EXERCISE GOAL » Because only the text is wanted, repeat the records below exactly and omit the pictures.

TASK INPUTS »
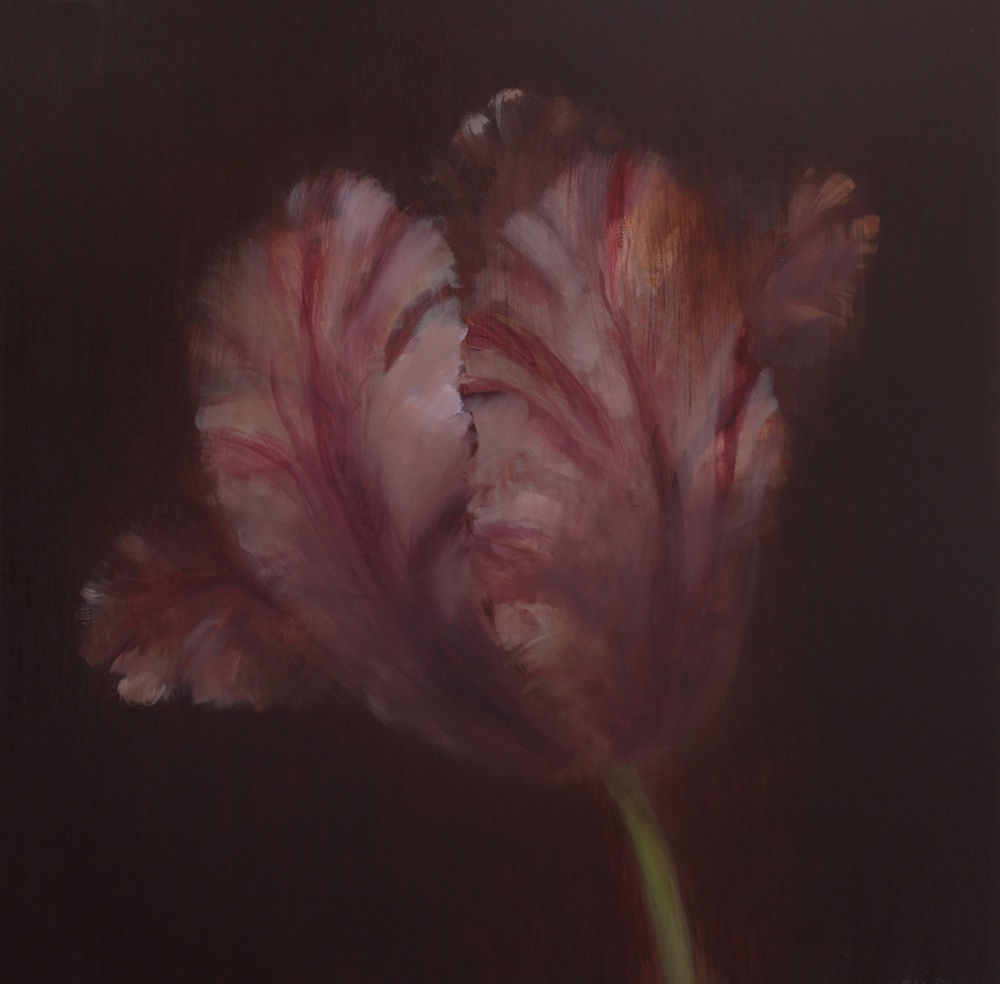 Fletcher Prentice, Parrot Tulip Study 2, 2021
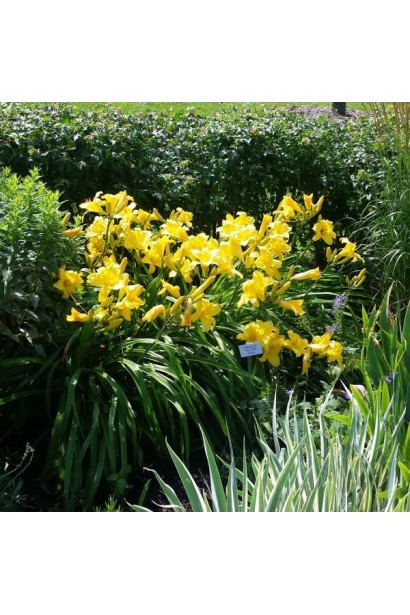 Hemerocallis hybrida Mary Todd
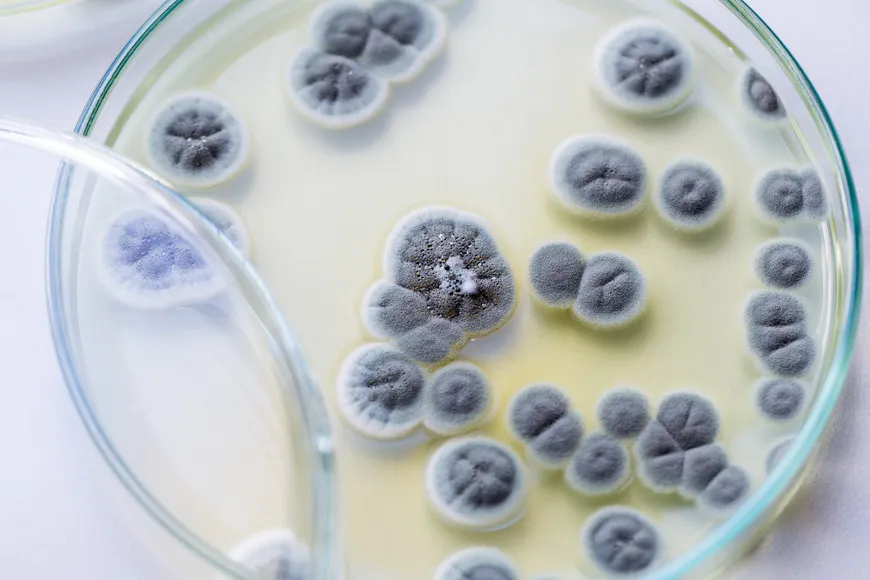 A Microbiologia é o estudo de organismos microscópicos, como bactérias, vírus, fungos e protozoários. Apesar de alguns serem associados a doenças, a maioria desses seres minúsculos são essenciais para a vida, desempenhando funções vitais no ambiente e na nossa saúde. 🦠🔬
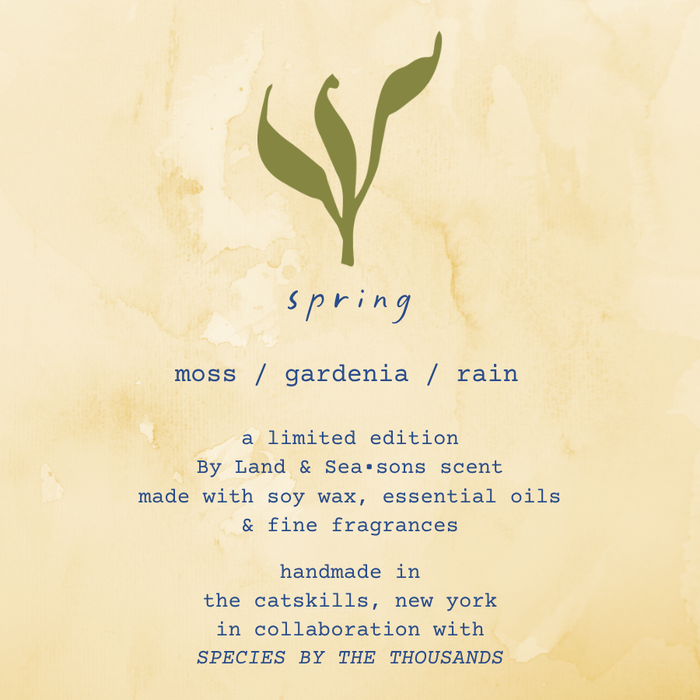 By Land & Seasons - Spring Soy Candle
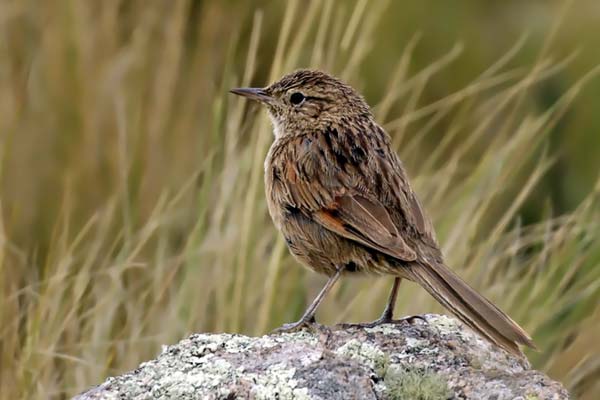 Espartillero Serrano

TASK SOLUTION »
 Fletcher Prentice, Parrot Tulip Study 2, 2021
 Hemerocallis hybrida Mary Todd
 A Microbiologia é o estudo de organismos microscópicos, como bactérias, vírus, fungos e protozoários. Apesar de alguns serem associados a doenças, a maioria desses seres minúsculos são essenciais para a vida, desempenhando funções vitais no ambiente e na nossa saúde. 🦠🔬
 By Land & Seasons - Spring Soy Candle
 Espartillero Serrano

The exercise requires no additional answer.